◆ **Required work**
Your answer must be the exact lines from the one holding "Billede 8 af" through the last line of the records below, with no pictures.

────────

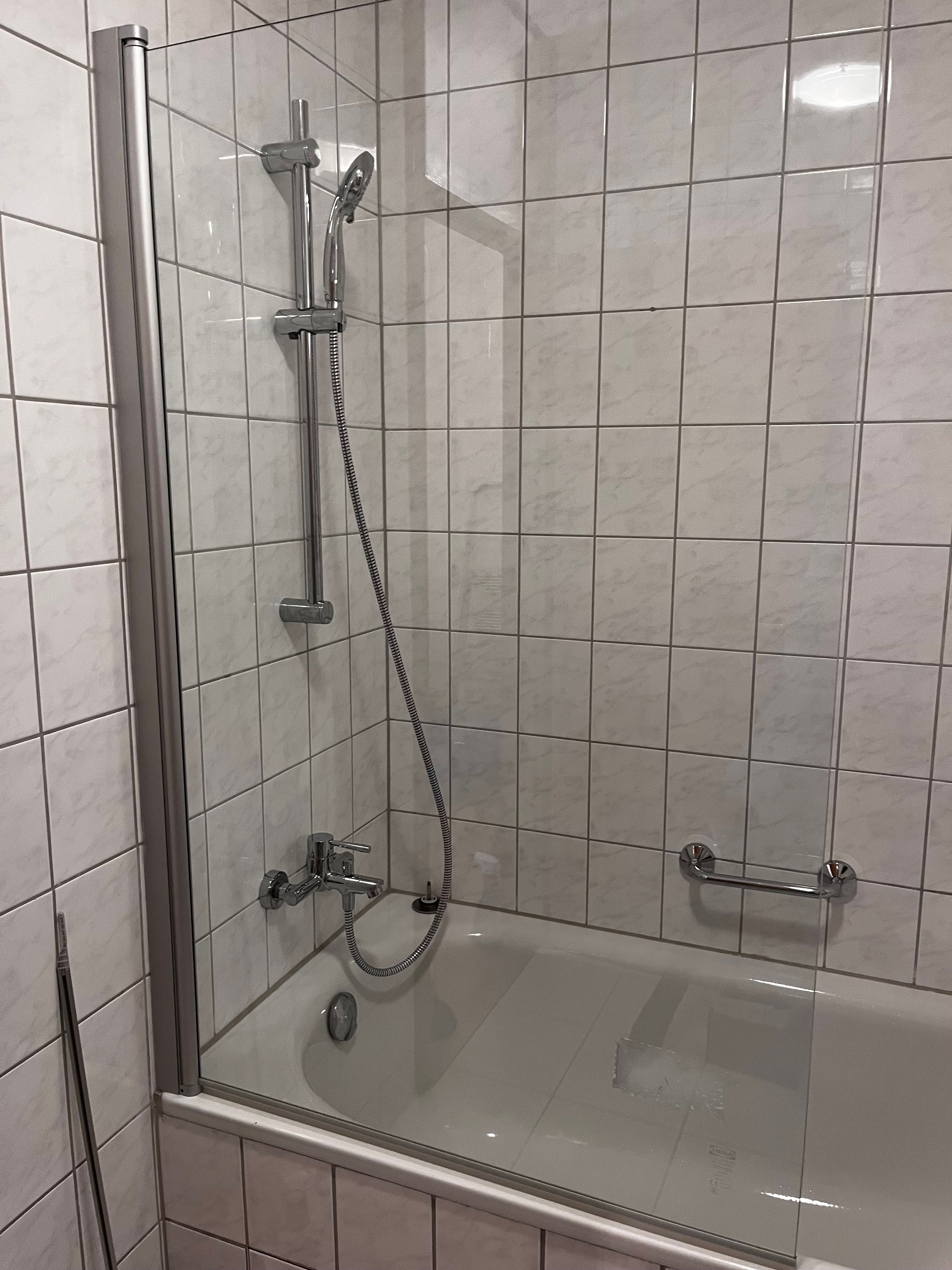  NEW - Furnished 2-Room Apartment With Balcony In Dresden / Near The Elbe / First Occupancy 2025/03  -  NEW - Furnished 2-Room Apartment with Balcony in Dresden / Near the Elbe / First occupancy 2025/03  - Gallery -  7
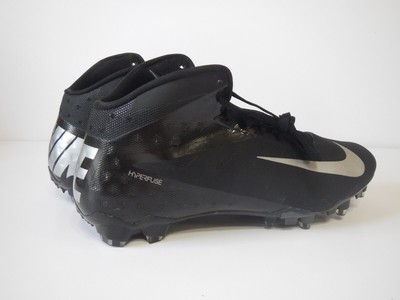 nike hyperfuse football cleats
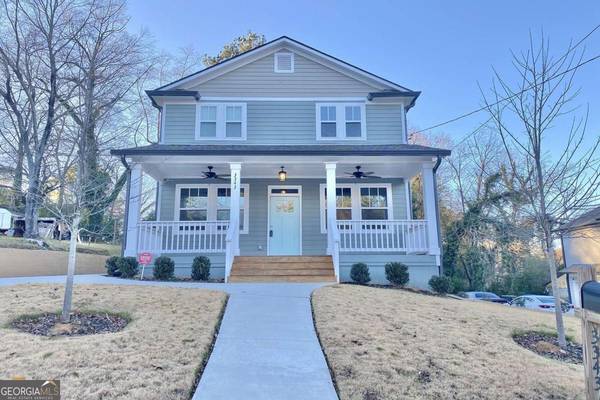 3343 Lavista DR, Hapeville, GA 30354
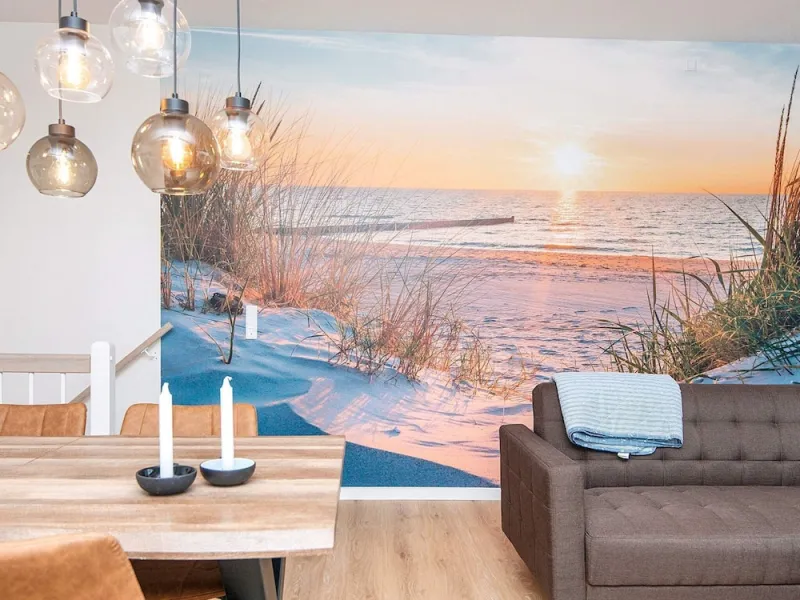 Billede 8 af 6 Person Holiday Home in Ringkobing-by Traum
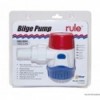 Pompe cale immergée Rule New Generation 360 12 V  - N°2 - comptoirnautique.com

────────

◆ **Response to the task**
 Billede 8 af 6 Person Holiday Home in Ringkobing-by Traum
 Pompe cale immergée Rule New Generation 360 12 V  - N°2 - comptoirnautique.com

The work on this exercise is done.